*Aim of the exercise*.
Transcribe only the stretch of lines that opens with the line containing "Ver imagem 6" and closes with the last line of the listing, skipping pictures.

*Data section*.
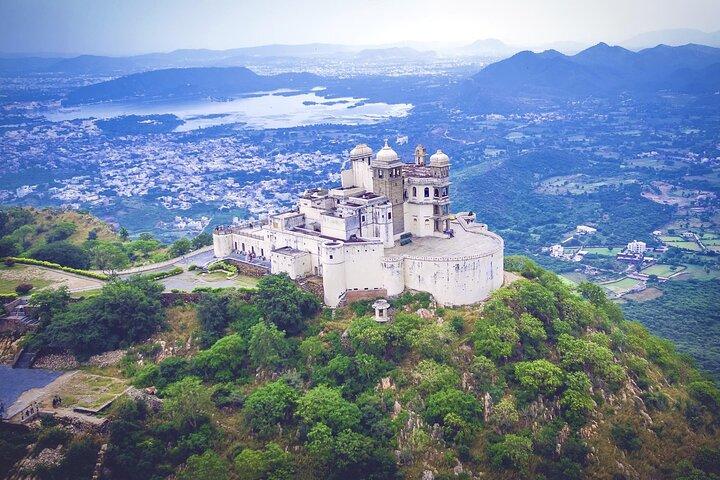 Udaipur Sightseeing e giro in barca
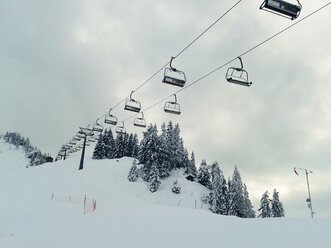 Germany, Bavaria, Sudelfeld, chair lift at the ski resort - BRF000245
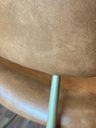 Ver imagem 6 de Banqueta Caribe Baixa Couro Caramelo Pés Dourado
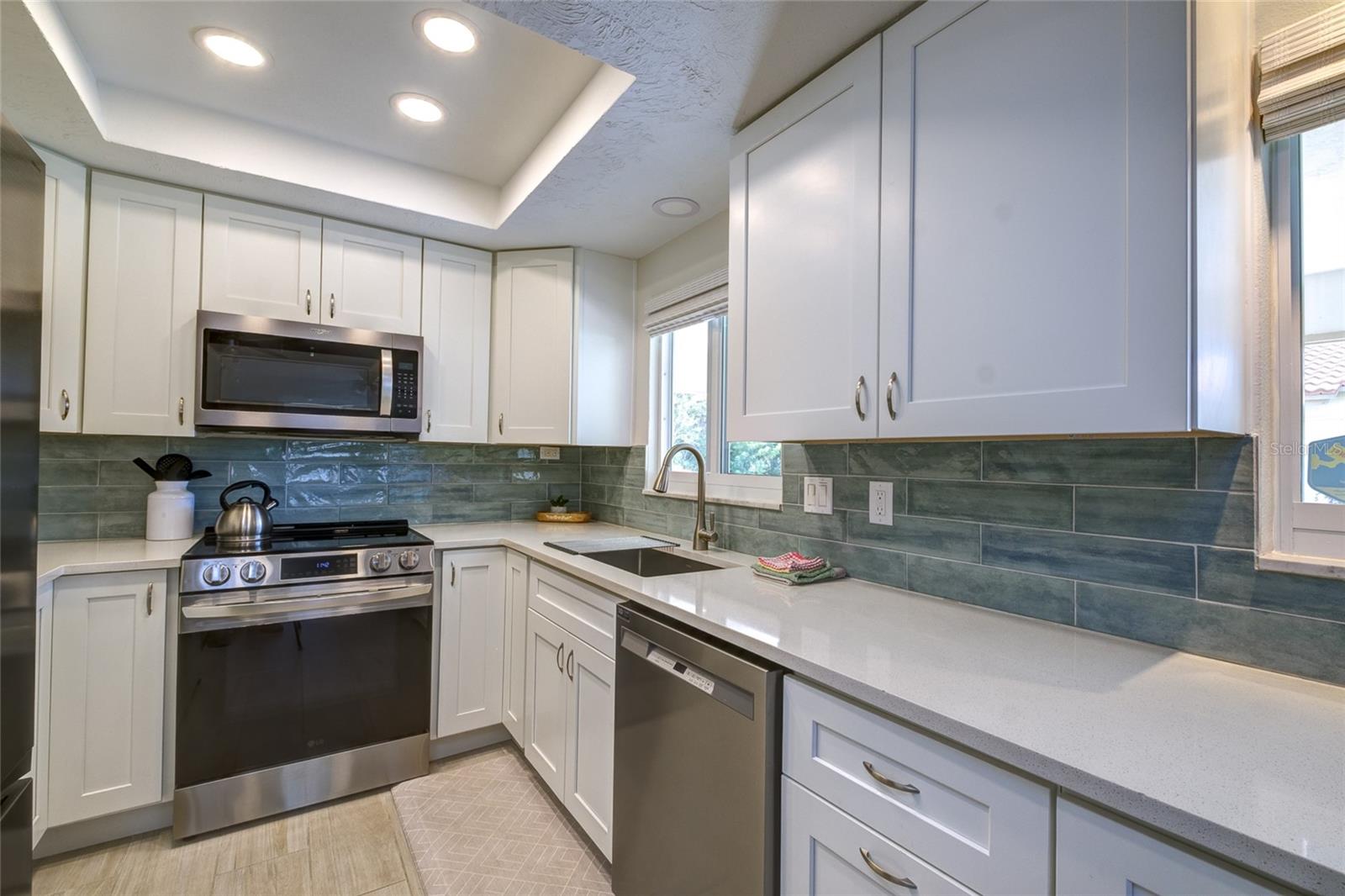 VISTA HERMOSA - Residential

*Solution below*.
 Ver imagem 6 de Banqueta Caribe Baixa Couro Caramelo Pés Dourado
 VISTA HERMOSA - Residential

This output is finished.